Not everyone understands that the HSE Fee for Intervention (FFI) is based on material breach (of relevant health and safety law). Further to this, many do not know what a material breach is. A material breach exists when you have broken a health and safety law and the inspector judges that it is serious enough for them to notify you in writing. This will be achieved by one of the following:
- a notification of contravention
- an improvement notice
- a prohibition notice
- a prosecution
Before deciding to notify you in writing, the inspector must apply the principles of the HSE’s Enforcement Policy Statement and the Enforcement Management Model ensure their decision on the level of enforcement action is proportionate to the circumstances that they are aware of.
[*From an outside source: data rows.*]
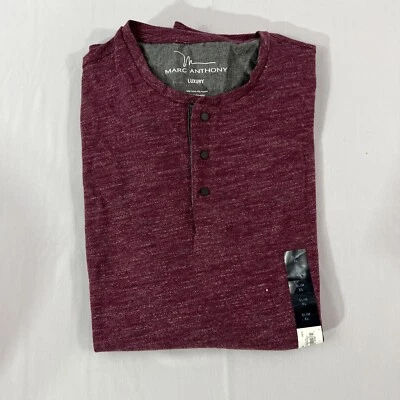 Marc Anthony Mens Luxury Long Sleeve Burgandy Cotton Polyester Blend Button Snap - Image 1 of 4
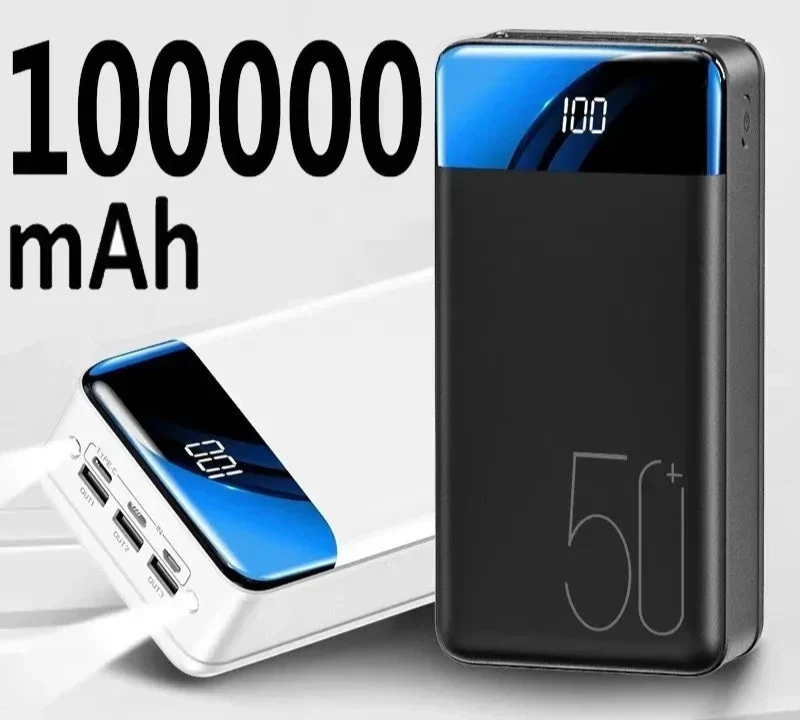 Powerbank 100.000mAh con múltiples puertos USB y diseño portátil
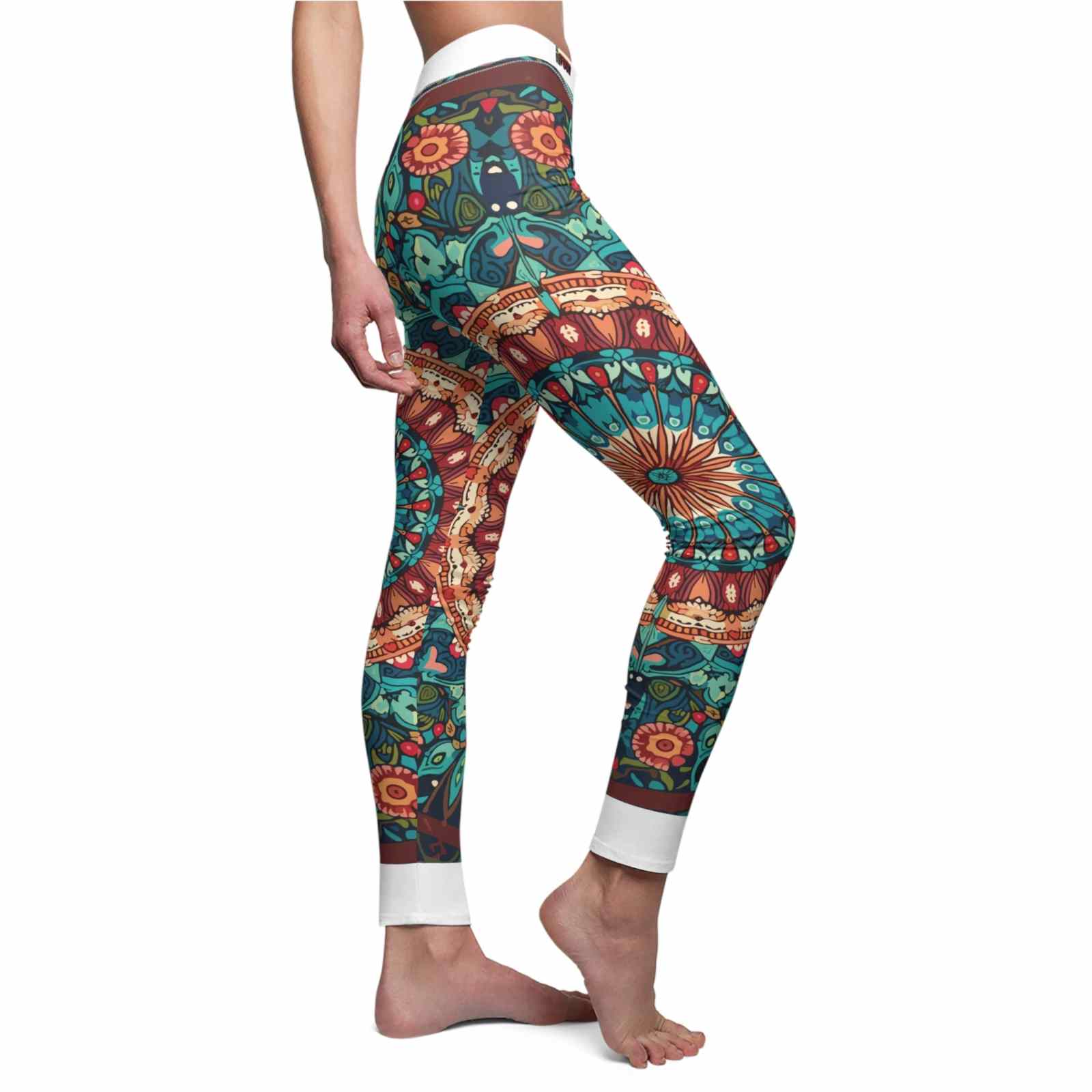 Vibrant Kaleidoscope Women's Leggings showcase a colorful design ideal for fashion-forward individuals. The high-waist construction ensures a flattering fit while being squat-proof and seamless. Perfect for gym sessions or casual outings, these designer leggings combine sport-luxe style with functionality, offering 4-way stretch and compression features that make these athleisure leggings a must-have.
Typical examples of material breaches include:
- failure to provide/use guards or effective safety devices to prevent access to dangerous parts of machinery
- an unprotected or inadequately protected fall from height
- materials containing asbestos in a poor or damaged condition resulting in the potential to release asbestos fibres.
The HSE Inspector’s written notification will make it clear which contraventions are material breaches where a fee is payable.
It is worth noting that if you are complying with the law you won’t pay a fee.
The HSE Fee for Intervention only applies to work carried out by HSE’s inspectors. If your business is inspected for health and safety by another regulator (such as the Local Authority through their EHOs), then FFI will not apply. The HSE Fee for Intervention applies to all businesses and organisations inspected by HSE, with very few exceptions.